That same year, Wilkinson organized a local rally for Donald Trump in Boca Raton but came up short $6,000 in security fees, and Trump had to cover the event's expenses. (Wilkinson says he hadn't expected so high a bill.)
Even today, money problems seem to bedevil Wilkinson. On a recent Tuesday, he said he makes "very little" through activism. He declined to reveal how much he pays to rent his office — a small, sterile side room in a three-story building in downtown West Palm Beach.

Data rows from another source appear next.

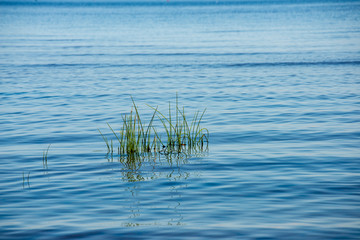 blue sky white clouds over calm body of water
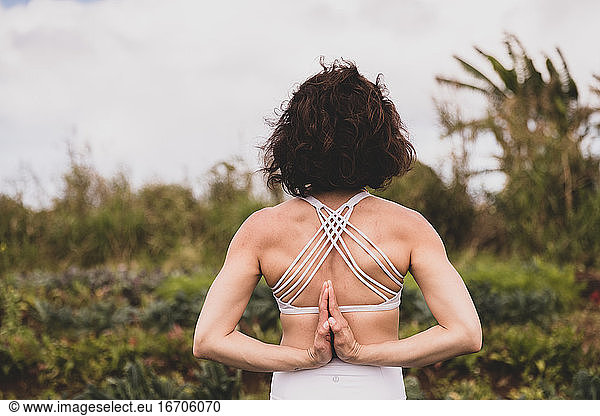 Strong female practices yoga outside in a field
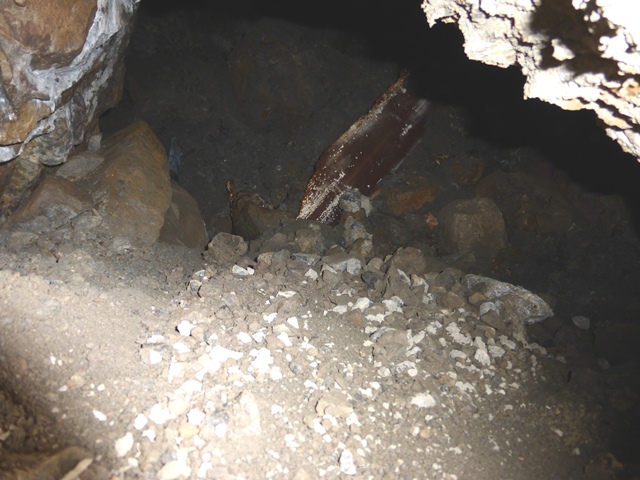 Fig. 16. Shaft tomb opened in Mani Gongma in fig. 13. Note the wooden plank, which was part of a coffin or some other mortuary structure. Photo courtesy of SRAHS.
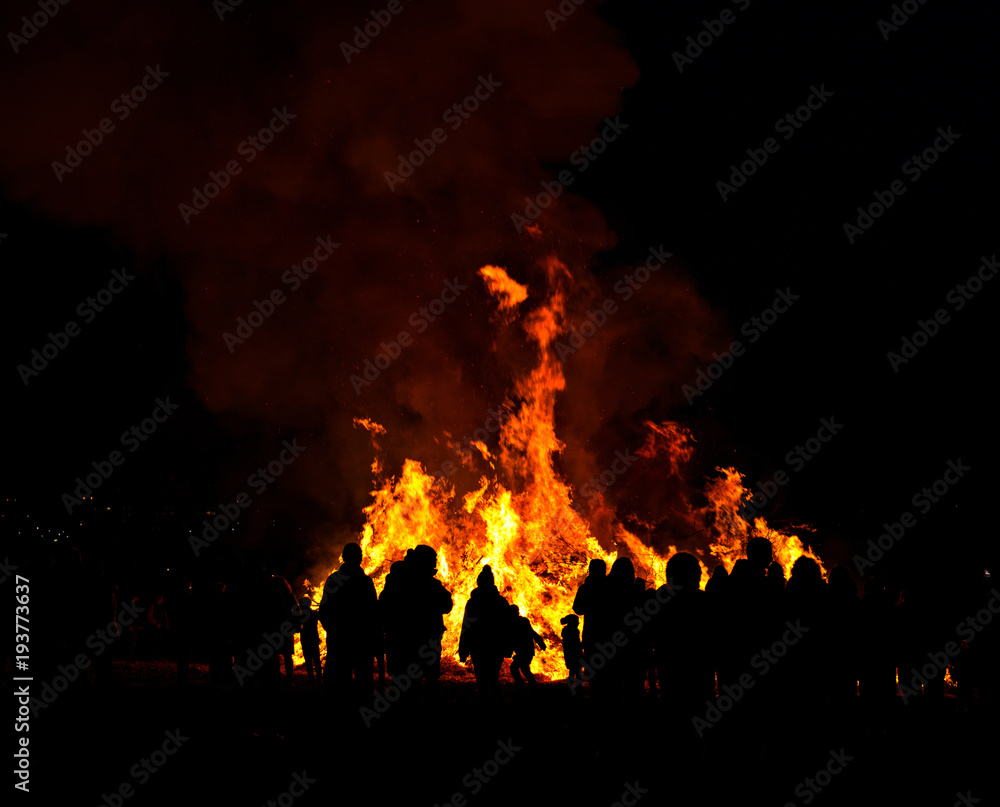 Obraz premium silhouettes of people in frontof big fire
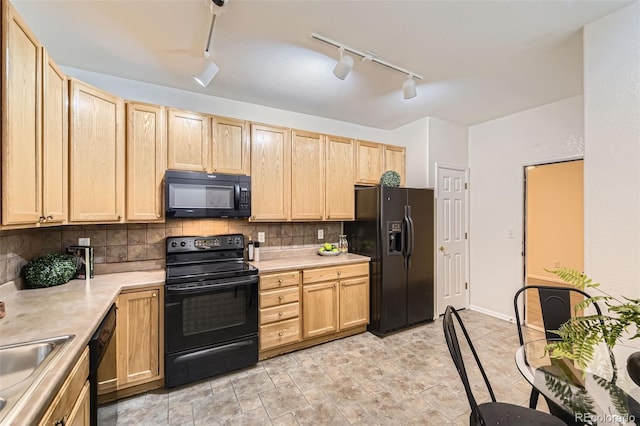 4221 S Blackhawk Cir Unit 7G, Aurora, CO 80014 - kitchen featuring black appliances, light brown cabinets, rail lighting, and backsplash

And it's possible, for all his national clout, he doesn't have much of a following. Wilkinson told New Times last November that he has as many as 40,000 followers, but Pam Wohlschlegel, the former Palm Beach County Tea Party chairwoman, said she doesn't know anyone anywhere who takes Wilkinson seriously.
Nick Egoroff, a Tea Party activist in Orlando, called Wilkinson a "has-been." Five prominent party activists interviewed by New Times all agreed: Wilkinson is pure bluster.
But what separates Wilkinson from others like him is how many reporters quote him — and repeatedly — without checking him out.
On the homepage of his website, liberty.com is a disturbing video depicting a group of Nazis confiscating a gun from a "Constitution fanatic," accusing him of "resisting social progress," and executing him.
Another "news" article published on February 15 says that "Supreme Leader Barack Hussein Obama" called for an "ultimate gun ban" in his recent State of the Union address to "communize" the country and establish his "anti-white, pro-radical Muslim, anti-Christian, anti-Semitic, pro-gay, socialist government and eliminate what few liberties we have left."
One lengthy piece, "It's Obvious They Want Civil War!," says Obama "staged or encouraged" the mass shootings that occurred in Aurora, Colorado, and Newtown, Connecticut.
When New Times contacted the National Journal's Reinhard to ask whether she knew about any of this, she hurried to get off the phone. "I don't know him that well," she said. "I don't want to participate in a story like this... I just like doing my stories."